Three Essays on Alcohol Economics

Jianxin Wang

Advisor: Daniel E Houser, PhD, Department of Economics

Committee Members: Cesar Martinelli, Kevin McCabe, Johanna Mollerstrom

Online Location, Online
June 29, 2021, 10:00 AM to 11:00 AM

Abstract:

Social and business drinking is prevalent across many cultures. People often make interactive decisions under alcohol influence in these social drinking contexts. In this dissertation, I investigate the impacts of alcohol consumption on interactive economic decision making and the underlying mechanisms, particularly, behavior and decisions rely on high-order belief reasoning.

In chapter 1, I develop a theory that combines guilt-aversion with a canonical alcohol myopia framework. The GAAM (guilt aversion and alcohol myopia) model predicts that intoxication increases promise-making, but has no effect on promise-breaking. I test these predictions using a prisoner’s dilemma game with pre-play communication in a lab-in-the-field experiment. Among males, I find behavior consistent with predictions: intoxication promotes promise-making behavior but does not impact the rate at which promises are trusted or broken. Consequently, intoxication increases communication efficiency. I do not observe intoxication to impact female promise-making, trusting, or promise-breaking behaviors. This is consistent with previous empirical findings that females can display less sensitivity than males to alcohol-induced myopia. This study is a step towards developing the behavioral economics of alcohol intoxication and sheds light on motives underlying business drinking.

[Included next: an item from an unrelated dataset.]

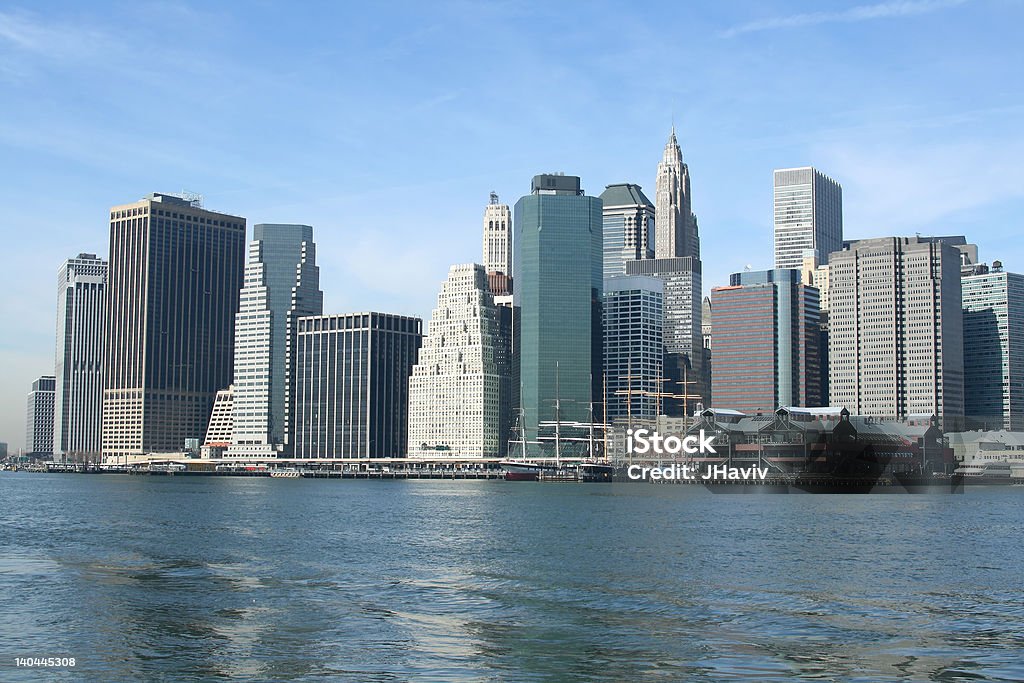 Inferiore sullo skyline di Manhattan, New York City - Foto stock royalty-free di Acqua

While business drinking is widely believed to promote trust and trustworthiness, experimental tests of this conjecture have not yet appeared. In chapter 2, I use a trust game in a lab-in-the-field experiment to fill this gap. In particular, I focus on the effectiveness of a trustee’s cheap-talk promise in promoting trust and trustworthiness after one has either consumed or not consumed alcohol. I find that trustees' promises enhance trustors' trust behaviors in both sober and intoxicated groups. However, trustees' promises only enhance trustworthy behavior in sober trustees, but not intoxicated trustees. I speculate that the underlying mechanism may be the detrimental impact of alcohol on the formation of higher order beliefs. This may interrupt the formation of guilt and leave promises ineffective as a commitment device. 

In view of the conjecture that the underlying mechanisms in both chapter 1 and 2 seems to refer to higher-order belief thinking, in chapter 3, I detail a procedure to test, directly in the lab, whether alcohol intoxication impairs high-order belief reasoning. Participants are randomly assigned into alcohol and placebo groups. To test whether alcohol consumption impact one’s own depth of reasoning and one’s belief about other’s reasoning ability, participants are asked to play an 11-20 game which relies on higher-order belief reasoning. I propose to use a tutorial method - some participants receive a game theory tutorial to achieve fully own reasoning ability. The change of strategy between participants who receive no tutorial and who receive tutorial, by playing with same type of opponent, is caused by one’s own reasoning ability. The change of strategy for participants who receive tutorial but playing with opponents who receive tutorial and who receive no tutorial, is caused by one’s belief about the opponent’s reasoning ability.  It is then possible to compare the above differences between placebo and alcohol groups to test whether alcohol intoxication impairs higher-order reasoning ability.